Officials say only a small number of Minot, N.D., residents have been forced to pay higher premiums for flood insurance, despite a devastating flood three years ago that wiped out most of the city.
Multiple claims on a property will typically increase the flood-risk classification and lead to higher premiums. But only a small percentage of people had flood insurance in 2011 and most of them did not have previous claims, the Minot Daily News reports.
“We have seen some individuals where that has affected them, but I can probably count them on one hand,” said Tim Olson, personal lines agent with First Western Insurance in Minot.
Minot’s valley is still considered a non-flood plain despite the 2011 event, said Brian Hvinden, spokesman for the Federal Emergency Management Agency. FEMA is working on new maps, but in the meantime most homeowners are eligible for preferred-risk policies.

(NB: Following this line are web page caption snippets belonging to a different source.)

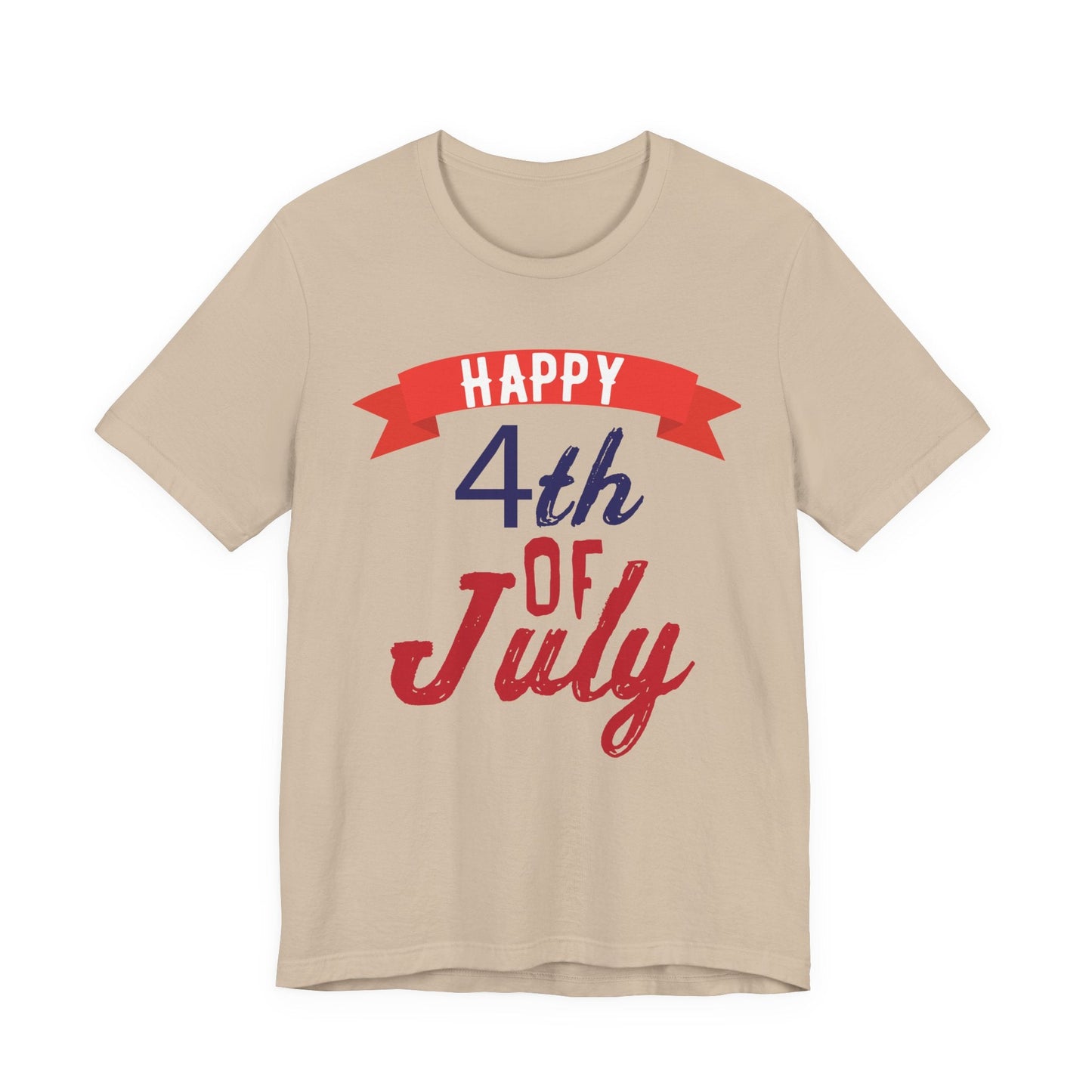 Independence Day Graphic Unisex Cotton T-Shirt 012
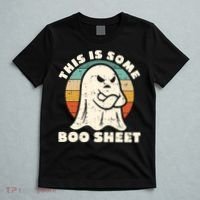 This Is Some Boo Sheet Funny Halloween Costumes Men Women T-Shirt thumb 5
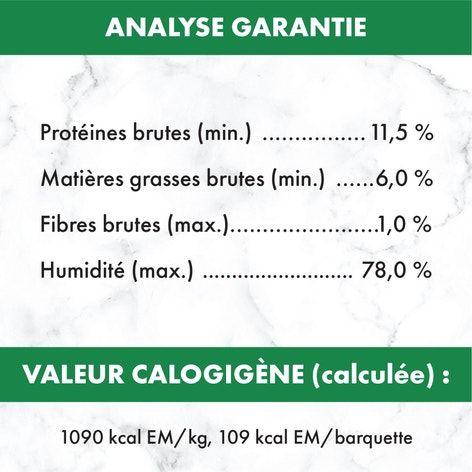 Nourriture humide pour chiens adultes NUTRO(MC) Natural Choice(MC) Pâté Recette au bœuf tendre image 1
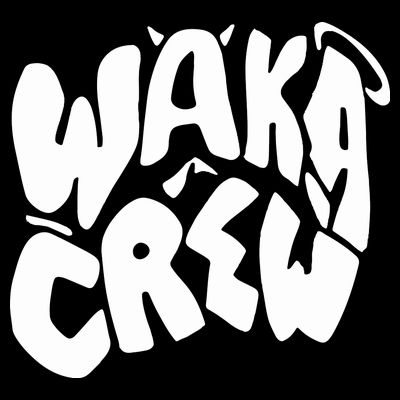 Waka Waka Crew Washed Powder T-Shirt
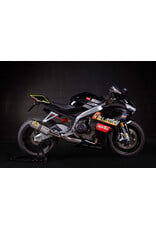 Arrow RS660 & Tuono Titanium exhaust system
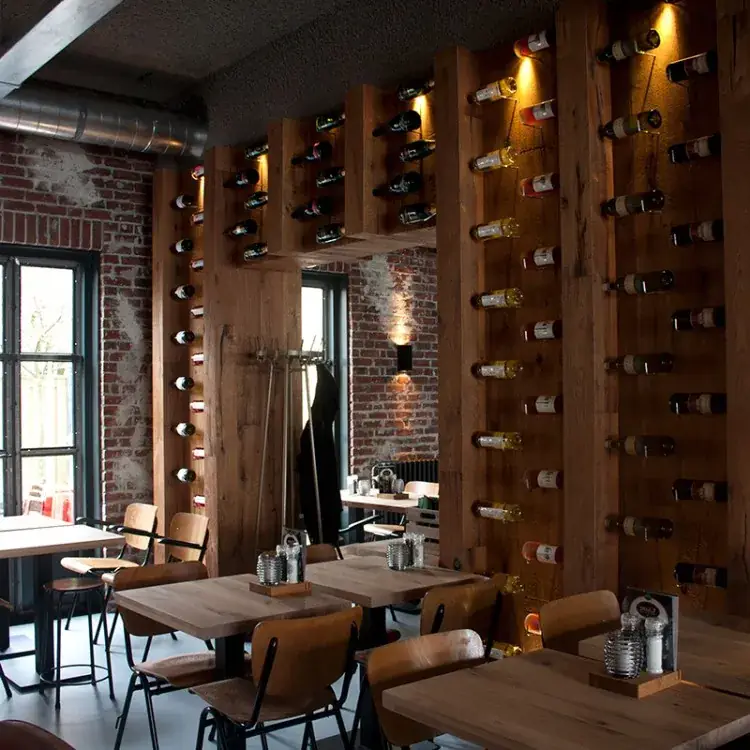 SmaaQt restaurant in Amsterdam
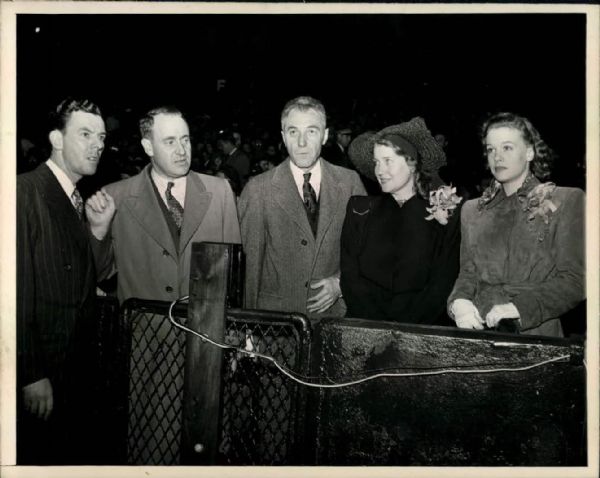 1946 First Night Game in Boston "The Sporting News Collection Archives" Original 7" x 9" Photo (Sporting News Collection Hologram/MEARS Photo LOA)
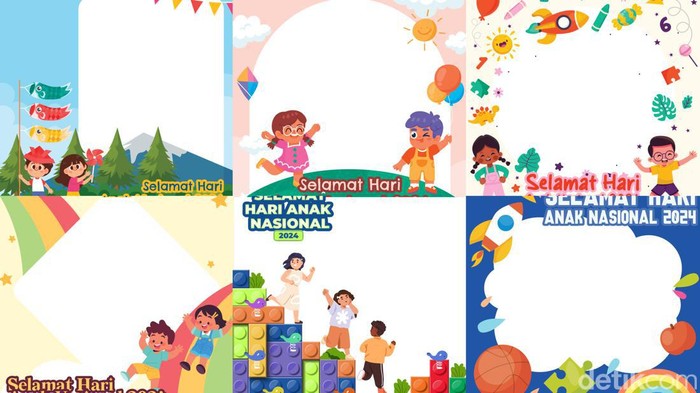 Twibbon Hari Anak Nasional 2024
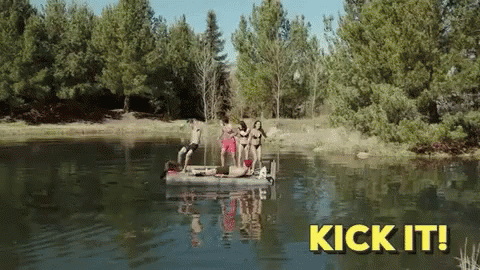 Kick Swim GIF - Kick Swim Float GIFs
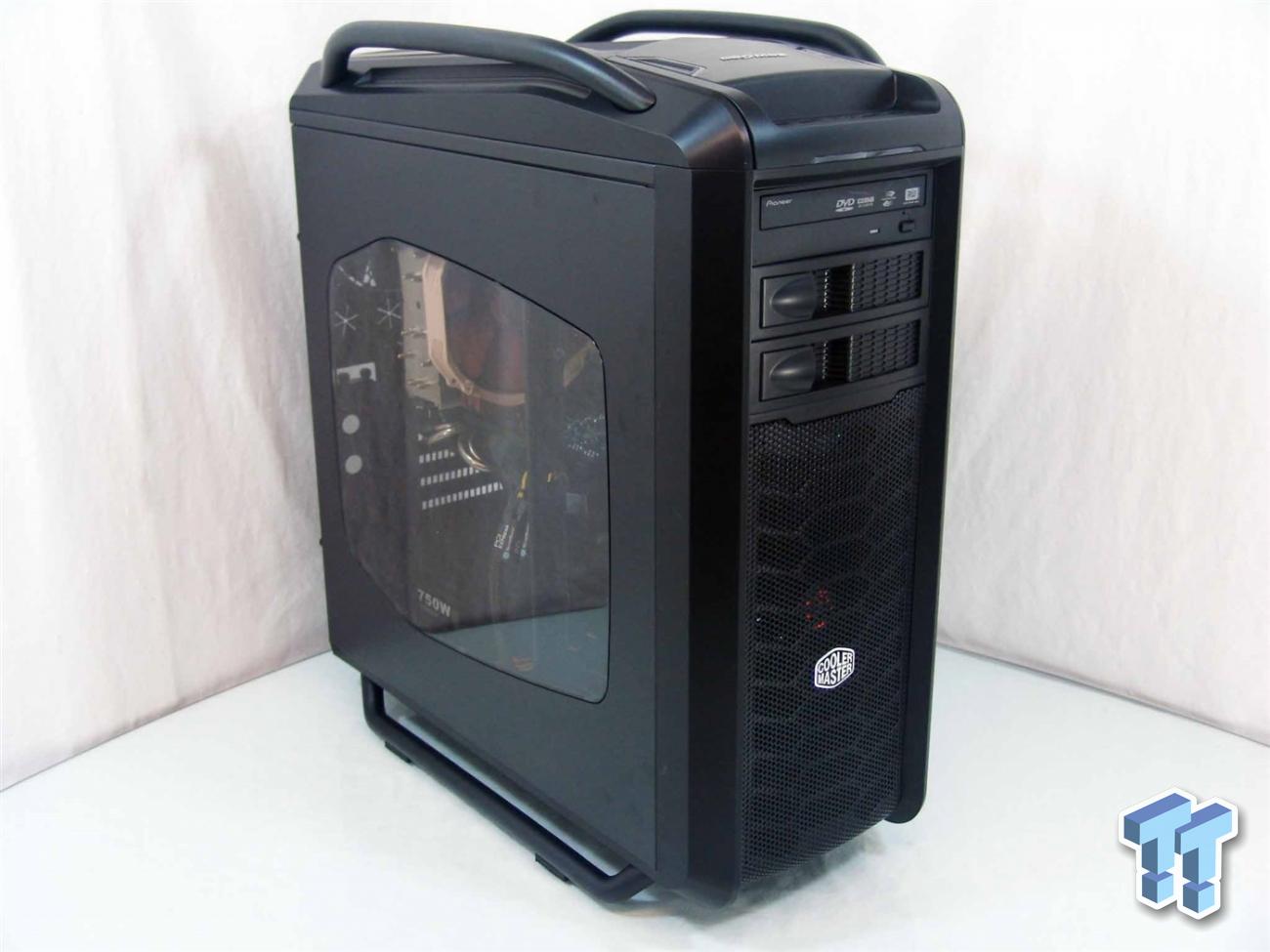 Cooler Master Cosmos Se Full Tower Chassis Review Tweaktown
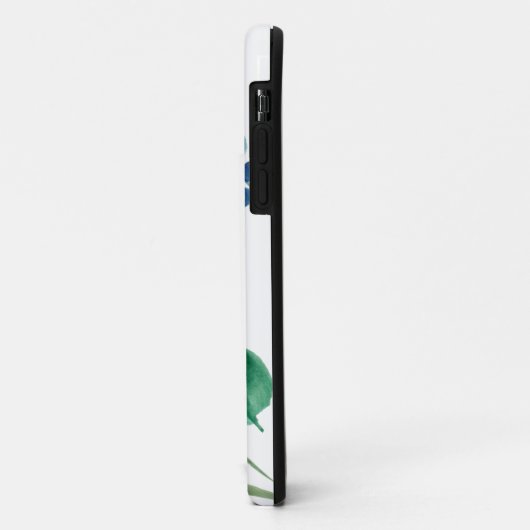 Plant moeder waterverf bladeren groen Case-Mate iPhone case (Achterkant/links)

The June 2011 flood caused by heavy spring snowmelt and rains damaged or destroyed more than 4,000 homes, businesses and other structures in Minot. It caused nearly $700 million in damage.
The amount of the premium change would depend on the coverage. A homeowner who paid $460 a year for a preferred risk policy could end up paying $2,000 or more for a standard risk policy, depending on the coverage, Olson said.
Hvinden noted the standard risk premium in the non-flood plain still remains lower than a policy in a flood plain.
The risk classification is tied to the flood experience of the property and not the flood experience of the owner. Olson said that the classification rules shouldn’t discourage homeowners from filing a claim if they have damages.